Q2: From your experience, what advice would you give an aspiring writer about how they should go about self-editing their work in the first instance?

A2: The first draft often holds the magic that makes the manuscript sparkle but it’s usually in rough form and needs tidying up and strengthening.

But how does an author know when they’re ready to receive feedback, and what to change without losing that original sparkle? Usually when they can no longer see the wood for the trees, suspect they know what revisions are needed but require professional input (ie. not from a friend or relative!) and then an awareness of how to go about making effective revisions.

Receiving feedback can be nerve-wracking but once an author gets used to the process and trusts the feedback – where an editor resonates with what the author already knows deep down – it can even be an enjoyable process.

A common mistake is to rush to make revisions as soon as the author’s  received feedback. Let the power of knowing what you want to change build in your mind after a while of mulling things over, you should probably then begin making those revisions. Also, take what an editor says and build on that and make it more than what they’ve suggested. That is when an author ‘owns’ their revisions and makes a real dent in their writing rather than surface revisions.

Q3: In your opinion, what challenges do unpublished writers face in their dream of becoming published?

A3: 2011 is the ‘year for debut writers’ so says The Bookseller, so new writers should feel full of optimism.

I think the challenge is to not lose hope – they’ll hear from agents and editors all the time that it’s harder than ever to get published, which can be true – it’s hard! However, if you have a fantastic story with the ‘X’ factor and it’s polished and ready to go then an author should make it, and if not with that MS then with the next.

Having trawled through the slush pile at Penguin for many years the standard of new writing and submissions is extremely low so I believe it’s easy to shine if the author is professional and takes it upon himself to produce the best book possible.

Positive thinking and perseverance is the key. So many (talented) writers give up if their first MS doesn’t get anywhere whereas all writing is essential to the road to being published, no effort is wasted. Put it aside and move on to the next if you hit that wall. The author should always consider whether their book is the best to launch their career or can they do better? If your first book dies then the struggle of getting booksellers to take on the second book, however much the publisher pushes it, is the curve-ball to watch out for.

Q4:  How do you think the publishing industry will adapt to new and emerging technology over the next five years?

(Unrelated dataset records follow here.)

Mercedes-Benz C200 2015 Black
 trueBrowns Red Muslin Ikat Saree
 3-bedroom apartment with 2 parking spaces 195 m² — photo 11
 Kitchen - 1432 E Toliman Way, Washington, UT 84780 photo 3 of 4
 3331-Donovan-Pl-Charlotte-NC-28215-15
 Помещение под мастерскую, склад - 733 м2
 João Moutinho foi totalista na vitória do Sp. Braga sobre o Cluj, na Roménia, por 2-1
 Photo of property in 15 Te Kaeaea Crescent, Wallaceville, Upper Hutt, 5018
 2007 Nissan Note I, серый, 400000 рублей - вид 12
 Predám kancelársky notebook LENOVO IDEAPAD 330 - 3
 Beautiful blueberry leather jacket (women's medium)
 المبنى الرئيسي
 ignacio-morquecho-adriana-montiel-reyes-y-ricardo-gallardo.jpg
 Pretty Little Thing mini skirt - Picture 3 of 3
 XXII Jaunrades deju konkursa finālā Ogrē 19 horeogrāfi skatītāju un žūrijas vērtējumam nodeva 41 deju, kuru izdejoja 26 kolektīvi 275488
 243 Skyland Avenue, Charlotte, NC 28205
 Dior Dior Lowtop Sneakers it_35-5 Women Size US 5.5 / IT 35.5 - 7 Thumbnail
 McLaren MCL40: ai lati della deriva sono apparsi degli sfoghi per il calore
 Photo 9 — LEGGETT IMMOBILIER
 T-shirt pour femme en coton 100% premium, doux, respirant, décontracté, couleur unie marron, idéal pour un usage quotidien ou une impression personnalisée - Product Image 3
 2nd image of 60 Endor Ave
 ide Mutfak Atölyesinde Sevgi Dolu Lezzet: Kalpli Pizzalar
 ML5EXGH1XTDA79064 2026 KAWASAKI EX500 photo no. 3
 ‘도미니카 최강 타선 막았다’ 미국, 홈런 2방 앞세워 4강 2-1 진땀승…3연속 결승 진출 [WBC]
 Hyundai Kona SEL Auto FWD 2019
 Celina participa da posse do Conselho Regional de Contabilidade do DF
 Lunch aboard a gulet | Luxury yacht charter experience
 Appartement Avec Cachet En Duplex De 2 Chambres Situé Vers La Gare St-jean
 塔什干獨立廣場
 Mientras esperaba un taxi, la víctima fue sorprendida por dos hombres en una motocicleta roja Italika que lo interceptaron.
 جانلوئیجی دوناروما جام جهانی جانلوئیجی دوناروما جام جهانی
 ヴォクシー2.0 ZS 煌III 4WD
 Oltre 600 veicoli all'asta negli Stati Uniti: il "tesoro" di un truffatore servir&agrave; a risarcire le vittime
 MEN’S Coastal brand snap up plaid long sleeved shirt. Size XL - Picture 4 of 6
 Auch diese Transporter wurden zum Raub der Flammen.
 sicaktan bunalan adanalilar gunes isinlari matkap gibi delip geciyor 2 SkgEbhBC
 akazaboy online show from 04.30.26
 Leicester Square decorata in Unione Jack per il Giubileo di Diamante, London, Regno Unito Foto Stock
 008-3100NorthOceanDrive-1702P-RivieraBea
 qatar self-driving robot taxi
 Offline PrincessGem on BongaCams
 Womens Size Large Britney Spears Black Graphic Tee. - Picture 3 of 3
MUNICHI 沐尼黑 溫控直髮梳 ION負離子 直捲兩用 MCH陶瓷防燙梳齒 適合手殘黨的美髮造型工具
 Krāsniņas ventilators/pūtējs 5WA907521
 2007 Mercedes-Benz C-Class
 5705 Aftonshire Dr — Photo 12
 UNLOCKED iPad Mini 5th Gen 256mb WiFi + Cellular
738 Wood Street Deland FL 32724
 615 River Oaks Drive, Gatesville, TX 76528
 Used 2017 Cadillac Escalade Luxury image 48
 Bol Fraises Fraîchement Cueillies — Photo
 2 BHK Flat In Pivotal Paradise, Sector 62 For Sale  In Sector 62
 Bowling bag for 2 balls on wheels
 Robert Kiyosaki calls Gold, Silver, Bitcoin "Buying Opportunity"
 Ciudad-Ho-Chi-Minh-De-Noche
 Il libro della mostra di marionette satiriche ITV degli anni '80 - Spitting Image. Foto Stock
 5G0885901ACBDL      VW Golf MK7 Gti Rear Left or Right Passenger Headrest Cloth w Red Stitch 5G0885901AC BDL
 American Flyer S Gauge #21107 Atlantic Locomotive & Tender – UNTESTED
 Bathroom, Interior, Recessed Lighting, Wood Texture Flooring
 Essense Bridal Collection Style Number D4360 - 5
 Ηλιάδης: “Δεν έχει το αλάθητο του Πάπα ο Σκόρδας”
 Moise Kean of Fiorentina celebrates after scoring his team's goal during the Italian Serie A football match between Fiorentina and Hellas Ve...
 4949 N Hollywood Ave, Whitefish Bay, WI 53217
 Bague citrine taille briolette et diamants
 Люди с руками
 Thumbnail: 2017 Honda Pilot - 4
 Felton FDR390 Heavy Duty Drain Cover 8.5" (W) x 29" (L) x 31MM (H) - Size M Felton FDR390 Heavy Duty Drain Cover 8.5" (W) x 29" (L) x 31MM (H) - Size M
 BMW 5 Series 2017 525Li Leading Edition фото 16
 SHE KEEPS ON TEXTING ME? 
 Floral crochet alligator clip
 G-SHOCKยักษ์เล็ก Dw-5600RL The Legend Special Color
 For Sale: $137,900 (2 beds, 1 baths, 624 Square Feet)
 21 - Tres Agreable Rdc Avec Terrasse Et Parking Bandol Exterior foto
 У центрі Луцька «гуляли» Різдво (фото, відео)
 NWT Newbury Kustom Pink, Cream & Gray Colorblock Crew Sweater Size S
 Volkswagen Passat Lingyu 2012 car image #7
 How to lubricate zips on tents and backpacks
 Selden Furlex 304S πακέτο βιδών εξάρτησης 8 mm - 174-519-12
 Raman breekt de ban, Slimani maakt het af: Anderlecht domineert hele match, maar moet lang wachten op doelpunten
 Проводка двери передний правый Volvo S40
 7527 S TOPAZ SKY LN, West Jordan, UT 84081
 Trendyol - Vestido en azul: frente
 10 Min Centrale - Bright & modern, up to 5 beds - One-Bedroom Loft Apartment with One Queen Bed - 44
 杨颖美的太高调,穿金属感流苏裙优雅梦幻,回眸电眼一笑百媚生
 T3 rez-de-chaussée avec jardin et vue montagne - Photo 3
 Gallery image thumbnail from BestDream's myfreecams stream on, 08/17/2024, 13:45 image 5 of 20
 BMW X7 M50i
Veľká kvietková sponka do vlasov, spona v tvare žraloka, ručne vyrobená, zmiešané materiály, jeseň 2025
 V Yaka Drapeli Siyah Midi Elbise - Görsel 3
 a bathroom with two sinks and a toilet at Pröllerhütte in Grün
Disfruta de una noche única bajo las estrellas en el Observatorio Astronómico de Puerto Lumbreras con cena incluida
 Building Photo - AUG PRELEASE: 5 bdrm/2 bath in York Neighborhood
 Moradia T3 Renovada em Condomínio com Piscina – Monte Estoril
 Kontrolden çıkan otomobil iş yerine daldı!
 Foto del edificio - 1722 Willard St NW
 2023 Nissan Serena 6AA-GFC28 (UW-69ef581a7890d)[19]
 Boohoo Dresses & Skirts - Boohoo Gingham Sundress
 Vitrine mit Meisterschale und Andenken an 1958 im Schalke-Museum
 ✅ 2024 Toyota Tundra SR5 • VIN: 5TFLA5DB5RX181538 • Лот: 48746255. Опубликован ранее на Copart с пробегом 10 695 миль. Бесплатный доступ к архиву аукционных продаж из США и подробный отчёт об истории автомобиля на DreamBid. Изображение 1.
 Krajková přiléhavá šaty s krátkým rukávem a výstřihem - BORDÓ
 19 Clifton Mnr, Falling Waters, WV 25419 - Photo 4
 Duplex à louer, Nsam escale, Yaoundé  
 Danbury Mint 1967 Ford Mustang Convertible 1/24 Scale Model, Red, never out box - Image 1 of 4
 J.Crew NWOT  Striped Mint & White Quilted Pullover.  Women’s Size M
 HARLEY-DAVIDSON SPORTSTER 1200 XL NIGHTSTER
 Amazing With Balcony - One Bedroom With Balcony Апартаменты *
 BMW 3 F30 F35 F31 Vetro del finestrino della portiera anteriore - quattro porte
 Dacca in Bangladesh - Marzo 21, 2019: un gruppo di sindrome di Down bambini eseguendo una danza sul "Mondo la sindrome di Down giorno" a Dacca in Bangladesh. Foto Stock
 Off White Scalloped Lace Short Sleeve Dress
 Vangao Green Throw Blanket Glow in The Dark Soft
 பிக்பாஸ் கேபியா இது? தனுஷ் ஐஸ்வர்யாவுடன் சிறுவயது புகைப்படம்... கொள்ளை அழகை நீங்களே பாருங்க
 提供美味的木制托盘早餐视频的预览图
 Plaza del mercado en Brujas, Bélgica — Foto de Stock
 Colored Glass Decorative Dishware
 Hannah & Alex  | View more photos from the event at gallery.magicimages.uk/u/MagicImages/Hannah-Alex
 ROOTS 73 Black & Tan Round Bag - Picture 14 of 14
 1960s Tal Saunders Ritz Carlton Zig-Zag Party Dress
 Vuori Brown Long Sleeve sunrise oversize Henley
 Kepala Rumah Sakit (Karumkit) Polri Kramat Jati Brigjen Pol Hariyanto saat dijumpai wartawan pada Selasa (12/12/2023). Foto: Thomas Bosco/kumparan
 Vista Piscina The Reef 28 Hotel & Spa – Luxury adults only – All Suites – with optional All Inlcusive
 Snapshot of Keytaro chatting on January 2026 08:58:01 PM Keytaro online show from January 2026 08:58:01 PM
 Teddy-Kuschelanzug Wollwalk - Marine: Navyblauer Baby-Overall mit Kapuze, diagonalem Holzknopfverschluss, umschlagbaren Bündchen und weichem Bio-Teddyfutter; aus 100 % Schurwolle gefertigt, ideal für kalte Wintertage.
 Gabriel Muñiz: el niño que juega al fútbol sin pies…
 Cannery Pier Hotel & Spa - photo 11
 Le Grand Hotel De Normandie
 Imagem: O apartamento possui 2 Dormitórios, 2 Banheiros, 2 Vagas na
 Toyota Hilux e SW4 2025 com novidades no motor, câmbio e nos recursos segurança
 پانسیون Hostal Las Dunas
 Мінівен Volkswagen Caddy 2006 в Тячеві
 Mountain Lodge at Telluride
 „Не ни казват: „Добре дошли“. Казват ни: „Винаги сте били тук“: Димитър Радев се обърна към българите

A4: Word on the grapevine is that they’re all in a state of flux about it and don’t really know where it’s going. But I think it’s exciting as it’s breaking up some of the power and monopoly and restrictions of the old publishing model between publisher, bookseller-to-consumer and high discounting, and where the author has often been the one to lose out.

New technology is opening up alternative ways for the consumer to acquire books and more interactive ways of reading books (e-books and multi-media) and for the author it’s introducing new ways of getting published (self-publishing and e-publishing).

If an author no longer has to attract a traditional publisher then in some ways it can be empowering to the author. If the author self-publishes, not overlooking the fact that the quality of manuscript should be high – no consumer wants to waste money and time on sloppy, boring works – and the author knows how to garner market presence (facebook, website, tweeting with a following) then it could even be lucrative whilst maintaining the vision for their book. If they can negotiate foreign rights, all the better. Although these are the areas that an agent or publisher know inside out – that and knowing what sells and how to publish well – so if the author doesn’t fancy reinventing the wheel then the traditional route is still the best.

Q5: What are your thoughts around the new community for unpublished writers being launched by

A5: I think any forum where writers can pool advice, chat to one another and give feedback on work without having to travel anywhere, is great. The best online communities are ones that are supportive rather than competitive and where writers feel they’re being looked after by one another and the site experts. And if it remains interactive where interesting and different things are brought to the e-forum table, then even better.

Q6: What top writing tips can you give the aspiring writers on

A6: Put the hoover away – writers will often find any excuse not to write – I know because I write and I hate cleaning yet my flat is spotless at the moment. Even if you stare at your screen for two hours a day you’re still allowing your mind to enter into that semi-dreamlike state; you’re still writing.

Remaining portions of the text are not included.